Import a table with addresses:
COPY addrs FROM 'PathToTheFile\ADDROB01.csv' DELIMITER ';' CSV;
Import tables with houses:
COPY addrs FROM 'PathToTheFile\HOUSE30.csv' DELIMITER ';' CSV;
What is the ADDROBXX table made of?Despite the abundance of fields, only some of them will be needed.
- ACTSTATUS - the field contains the values 0 and 1. Upon careful viewing, it will be revealed that there are many streets in the table with the same name. The fact is that the tax base contains the history of objects, i.e. changes that occurred with any address elements. For example, the streets of Lenin may be 10 pieces. Of these, 9 - will be irrelevant. They could be renamed or changed in another way. ACTSTATUS - 0 - irrelevant addresses, and 1 - will be the only relevant.
- AOGUID - Record ID. For different historical records will be the same AOGUID. They will differ in the AOID field.
- AOLEVEL - object level. At number 1 - the subject of the federation, 4 - the city, 7 - the street, etc.
- CENTSTATUS - the status of the center. For example, cities in the regional center.
- FORMALNAME is the name of the object.
- PARENTGUID - ID of the parent element. When searching for the city to which the street belongs. PARENTGUID streets will match with AOGUID streets.
- POSTALCODE - zip code.
- REGIONCODE - code of the subject of the federation.
Note: on fias-nalog.ru you can find a complete description of all fields.Important in the HOUSEXX table:- AOGUID - ID of the street in ADDROBXX where the house is located.
- HOUSEGUID - ID of the house.
- The difficulty lies in the name of the house. It consists of 4 fields:
- BUILDNUM is the hull number.
- HOUSENUM - house number.
- STRUCNUM is the building number.
- STRSTATUS is a sign of the structure (from 0 to 4, where 0 is none, 1 is a structure, 2 is a structure, 3 is a letter).
Fields can contain similar or identical information and have to leave the situation experimentally. In the QuerryController class (the link to the repository is below) there is a method: chooseBuilding, in which we tried to solve this problem. Maybe someone will get better. Queries to the database are in the same place.
Then, after the base was imported into Postgres, we started creating an API and a plug-in for our system.

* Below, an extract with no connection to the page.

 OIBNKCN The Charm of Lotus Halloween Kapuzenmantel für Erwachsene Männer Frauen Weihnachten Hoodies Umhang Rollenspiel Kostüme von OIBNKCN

For the API, in order not to get stuck, used Laravel. The query scheme turned out quite simple. The hierarchy of objects is as follows:
- Subject of the federation
- Region of the Federation
- Locality
- The outside
- House
By the way, testing the system, we are faced with the fact that not all settlements have streets, and not all streets have houses, which surprised us a lot and puzzled us. This circumstance did not give rest because if you give the user the opportunity to enter information himself, they will write a question that involuntarily raises the question - “Do these people learn anything at school ?!”.
Therefore, it was decided not to give the user the slightest opportunity for self-activity, and for such “missing” addresses to provide the opportunity to apply for the inclusion of the missing address in the help system.

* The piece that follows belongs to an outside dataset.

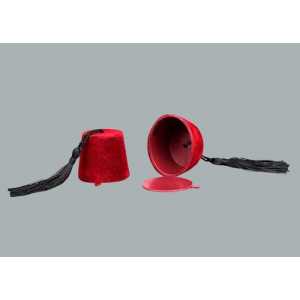 Fes Box Flock Coating Claret Red P10-500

The query scheme looks simple:
For the last item, a list of houses with letters, buildings, buildings, and other things is formed.

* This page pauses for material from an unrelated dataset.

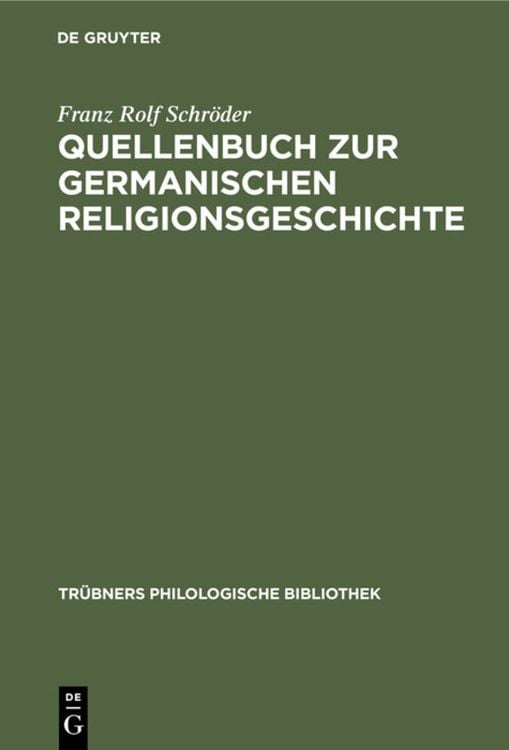 Produktbild: Quellenbuch zur germanischen Religionsgeschichte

After all the ordeals made a plugin on vue.js, to work with the directory, and its alternative to jQuery.
The region and the district can be removed as unnecessary, as they are pulled together with the cities.
As you type, autocomplete hints pop up, as in KLADR. True, the difference is that the KLADR plugin is intended for autocompletion, and here only the address selected from the prompts is considered valid.
In the ASPUDcomponent folder, there is a VueJs component for working with the address base.
Sources are available in
our repository .
Part 4. How to update all this?
With updates, the situation is the following: you first need to get the update versions via the SOAP protocol. You can see how this is done in the UpdateController class (method: filesVersions ()).
Note: the version that is listed last in the list is not necessarily the one that can be downloaded on the main page. But do not rush to download only the latest version, as it may be “bat”. There have been such precedents. Further the archive with the latest version is downloaded and unpacked. To work, you must use the extension for php (php_rar.dll).
Well, then select the desired region file (or, if necessary, all files) to update the database.